[Data provided Boundary: Start]
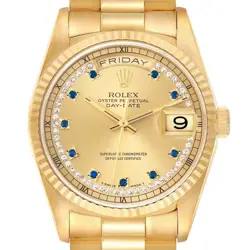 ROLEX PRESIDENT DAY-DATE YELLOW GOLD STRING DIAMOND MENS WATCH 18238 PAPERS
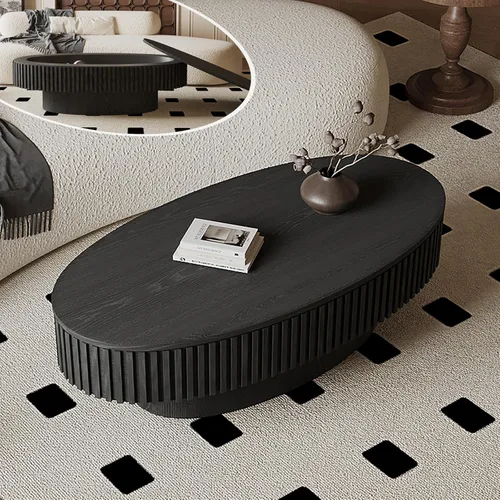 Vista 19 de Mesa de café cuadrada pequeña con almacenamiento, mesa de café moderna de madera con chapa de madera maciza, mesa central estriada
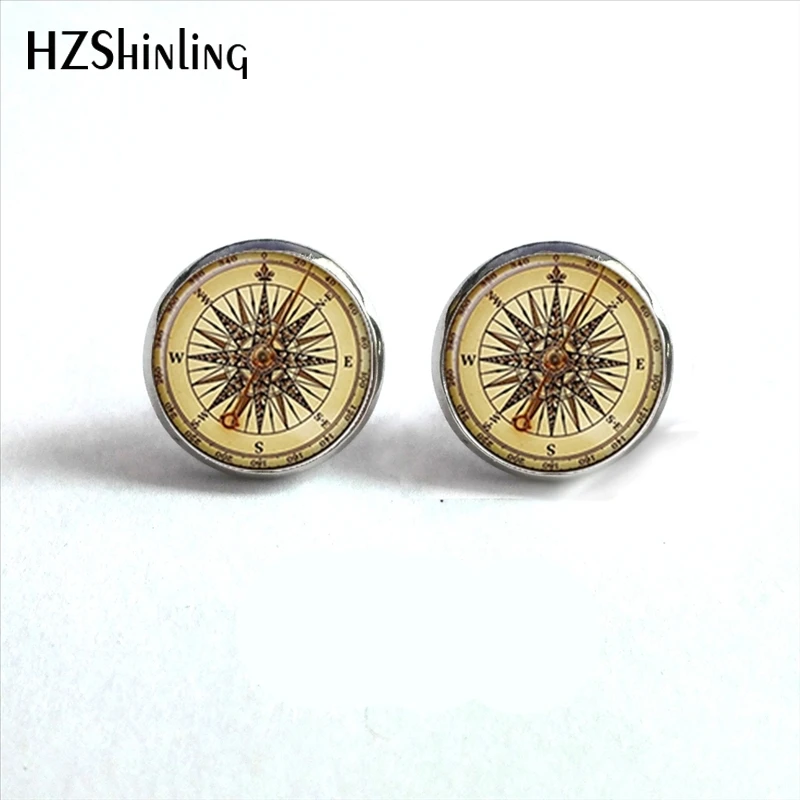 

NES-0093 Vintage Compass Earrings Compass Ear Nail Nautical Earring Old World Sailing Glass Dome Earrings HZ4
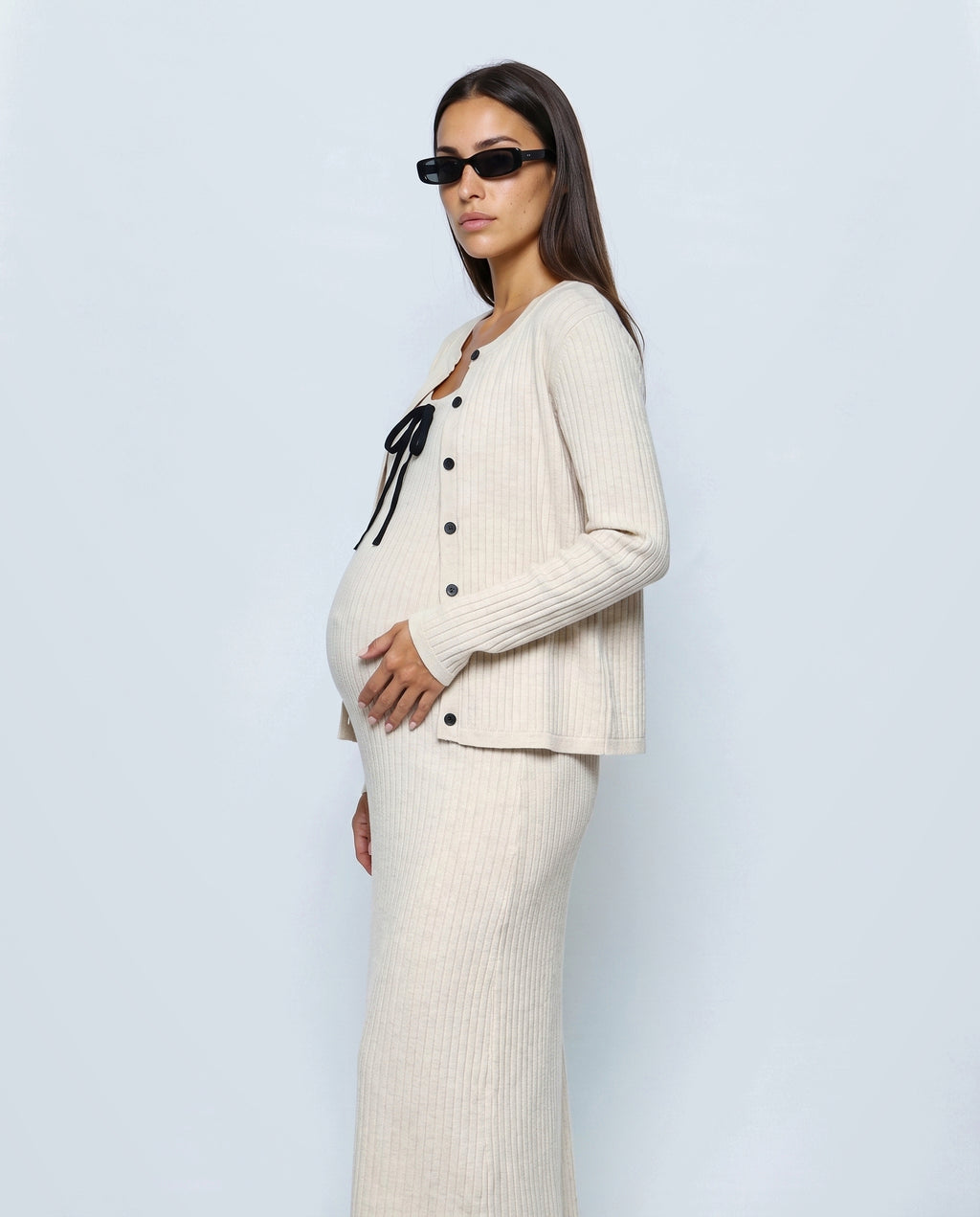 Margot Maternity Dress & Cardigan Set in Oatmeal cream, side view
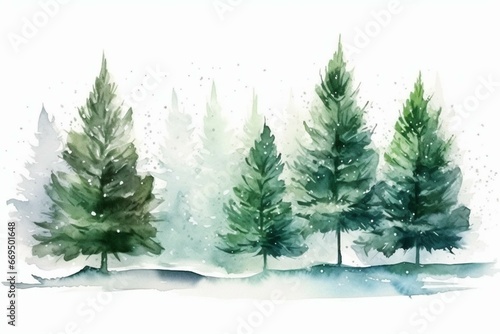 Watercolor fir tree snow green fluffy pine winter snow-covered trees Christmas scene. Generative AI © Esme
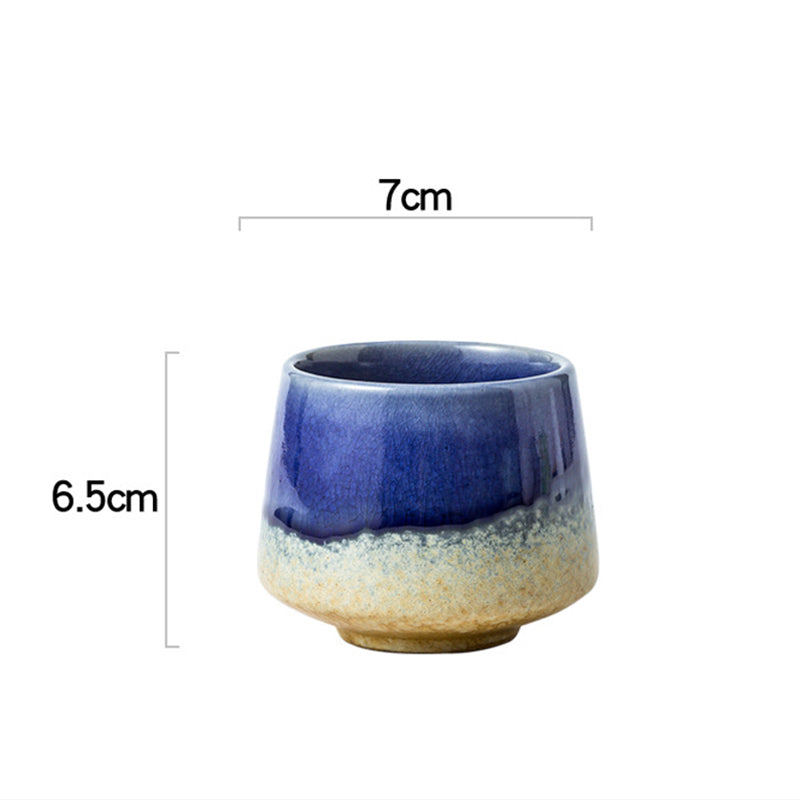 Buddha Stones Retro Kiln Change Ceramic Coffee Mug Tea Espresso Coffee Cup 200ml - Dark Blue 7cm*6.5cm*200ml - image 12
[Data provided Boundary: End]
### What to produce
Exclude all pictures and reproduce verbatim the lines running from the line that contains "NES-0093 Vintage Compass" to the end of the data above, both ends included.

### Result below
NES-0093 Vintage Compass Earrings Compass Ear Nail Nautical Earring Old World Sailing Glass Dome Earrings HZ4
 Margot Maternity Dress & Cardigan Set in Oatmeal cream, side view
 Watercolor fir tree snow green fluffy pine winter snow-covered trees Christmas scene. Generative AI © Esme
 Buddha Stones Retro Kiln Change Ceramic Coffee Mug Tea Espresso Coffee Cup 200ml - Dark Blue 7cm*6.5cm*200ml - image 12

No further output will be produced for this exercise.